Originally posted January 12, 2011.

While adding articles to the archive this morning, I came across something interesting in the Palm Beach Post. The featured photo in that particular issue is one of Park Avenue in Lake Park, looking over the railroad tracks from Dixie Highway. Here’s what that same area looked like in 1921:

According to the newspaper article, a sign reads “Kelsey City,” which is what Lake Park was called before it was renamed in 1939. The contrast is, of course, staggering:

“Back then” is a common phrase, but in actuality, this was only yesterday. In the broad spectrum, this area is quite young, and–let’s face it–the 1920s wasn’t that long ago.

The land boom hit in the twenties. Harry Seymour Kelsey came to Palm Beach to recover from an illness; the visit sparked his interest in South Florida land development. In 1919, he started buying land, purchasing 44,000 acres. He owned the areas that would one day become Palm Beach Gardens, Lake Park and our very own North Palm Beach.

Mr. Kelsey had a vision for his city; the vision didn’t include tourism. Planning began for recreation areas, homes and industrial zones. Kelsey City would be for workers; it was not meant to attract tourists, but rather those who wished to remain there with their families.

In an article entitled “Florida’s Boom, Bust Made Harry Kelsey a Survivor,” an older resident talks about all the things that Kelsey City had to offer. There were banks, theaters, parks, auto showrooms, an ice-cream plant, and a particularly successful lumberyard.

The land boom continued, but all things must end. Some things were planned, but never came to fruition.

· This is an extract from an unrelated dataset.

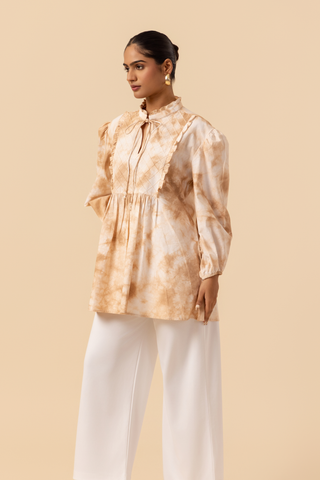 Side view of a woman wears a vibrant caramel tie-dye shirt dress with puffed sleeves, paired with white wide-leg trousers and stylish sandals.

A community was to be built near Hobe Sound, entitled Picture City. One could say that the planners had their sights set too high–the community was to include a “motion picture studio” that would have cost one million to construct.

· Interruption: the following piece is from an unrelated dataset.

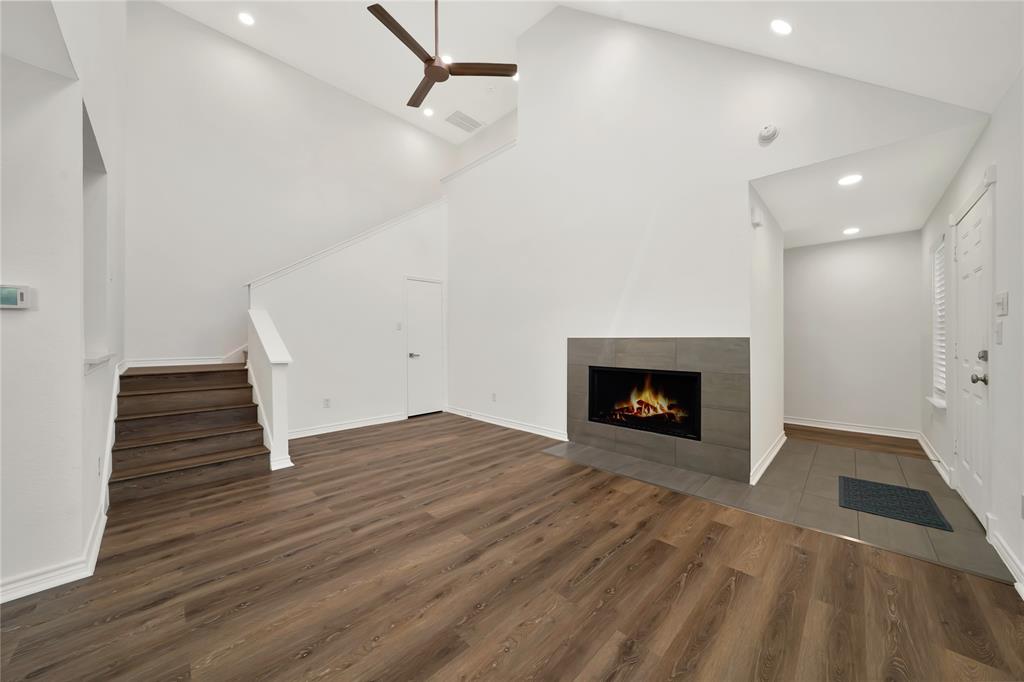 2909 Normandy Court Euless, TX 76039 - Photo 8 of 36 an empty room with wooden floor a fireplace and windows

Did it happen? Well, according to an article I found in the archives, a water tank came of it, and you won’t know where it was supposed to be unless you manage to locate a few old lampposts on the west side of SR A1A. The article itself is dated 1984, so who knows–those lampposts might not even be there anymore.

Kelsey had plans for a waterway after purchasing the Florida East Coast Canal, but his plans fell apart during the bust. Not only that, Kelsey fell into financial problems and ended up in deep trouble because of tax issues. However, he still managed to stay afloat.

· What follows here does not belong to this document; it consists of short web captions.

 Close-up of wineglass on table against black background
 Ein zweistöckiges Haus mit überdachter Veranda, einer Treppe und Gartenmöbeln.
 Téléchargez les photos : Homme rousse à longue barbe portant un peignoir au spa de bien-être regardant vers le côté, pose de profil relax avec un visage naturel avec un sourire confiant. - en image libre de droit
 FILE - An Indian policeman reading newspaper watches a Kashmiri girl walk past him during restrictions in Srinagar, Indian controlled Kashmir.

Then came the 1928 hurricane, and the damages to Kelsey City were exorbitant. The town’s most prosperous times were over. Kelsey had to sell most of his original holdings. The man who bought them was Sir Harry Oakes, who at one time lived with his family at the old country club in North Palm Beach, once a part of Kelsey’s estate.

It’s amazing how things change so quickly. Next time you’re driving down Northlake Blvd., remember how young the street is, that there was a time when it wasn’t there at all.

I know that next time I’m on my way to school in West Palm Beach, and I cross the railroad tracks and head onto Dixie Highway, I’ll be thinking about the dirt road I saw in that photograph, and how it was only “yesterday” that Lake Park was Kelsey City, and everything was an entirely different world.